Toshinori slowly rose to his feet, numb. Hurting. He couldn't lift his head, and when he did, all he saw was the box of designer tea on the counter and the entire nightmare became more and more real. How could he face his co-instructor the next day, the next week? The students?
“I'm ... so sorry,” he said softly, body shuddering with the intensity of his regret and his unfolding mess.
“You're a pain in my ass,” Aizawa muttered, turning and bending to right the table that had fallen at one point or another. Then he gathered towels from a drawer, movements leaving red tracers in Toshinori's blurry eyes. He piled them on top of the sopping ground, then paused, towel clenched tightly in his fist. “Do you need a written invitation?”

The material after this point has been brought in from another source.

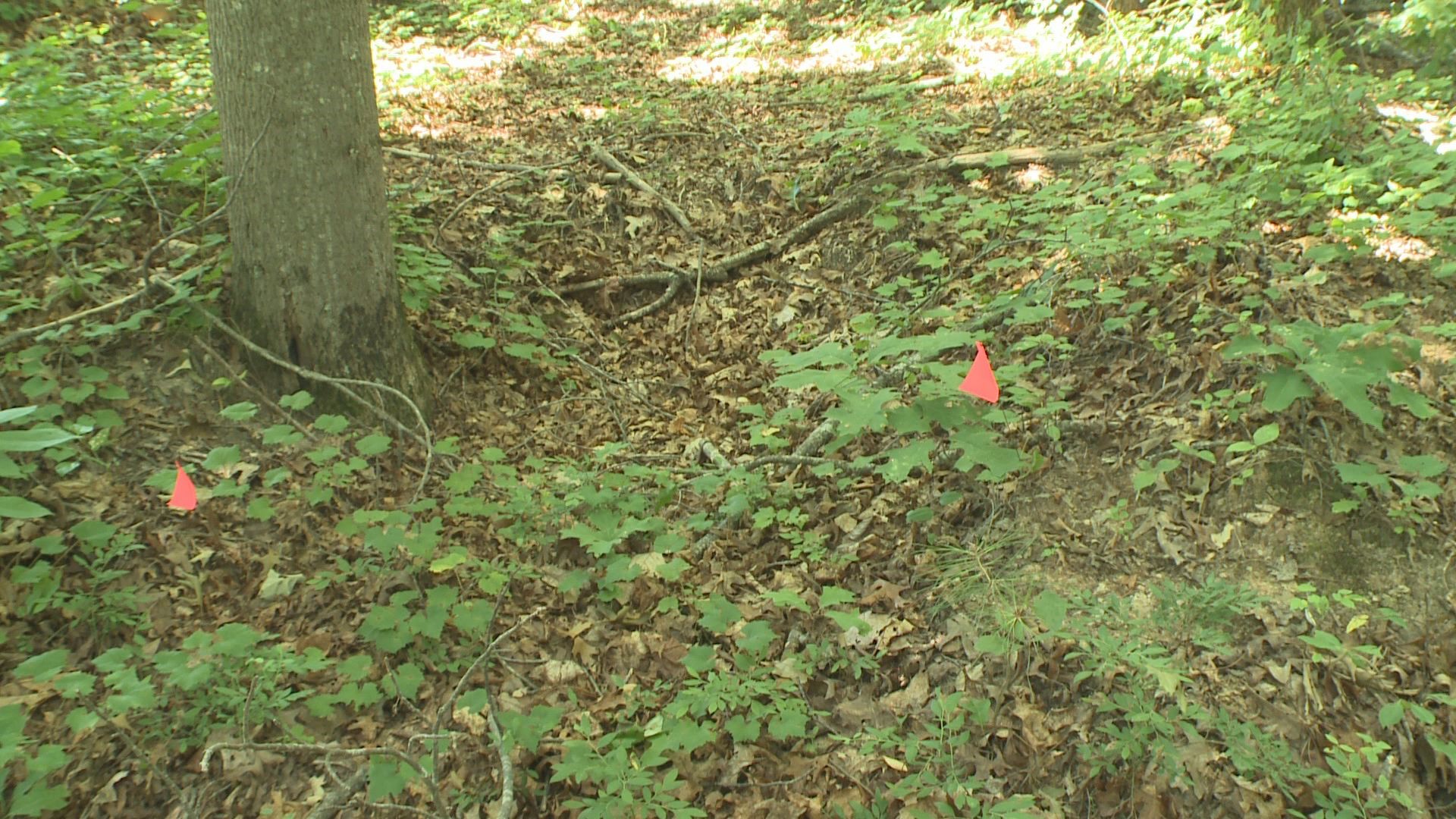 Unmarked graves found in old church grounds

To leave. He should leave. Toshinori shook his head.
He should have left when he finished apologizing, and not taken out his problems on this man. He automatically tucked his shirt in and picked up his coat, surveying the blood spatter on his dress shirt and slacks without really seeing. He would have to wear his coat home, to avoid startling a passerby.
He clenched his eyes shut. So much for your apology. Yagi, you idiot, what have you done?
“Please don't hold this against me,” was all he could say at the door, hardly having the guts to say anything. Aizawa didn't look up from mopping up the tea. The bottoms of his socks were soaked and red tinged.
“Don't give me reason to.”
The mug was broken, little shards of navy blue scattered in an arc. Must have happened when the table flipped. The hero's eyes avoided the sticky red stain right beside it. His favorite mug.
Toshinori stepped out and shut the door, wiping the last of the blood from his cheek, and limped with crushing, careful slowness down the stairs and out into the street.
Maybe these days, instead of being in trouble, he was just trouble.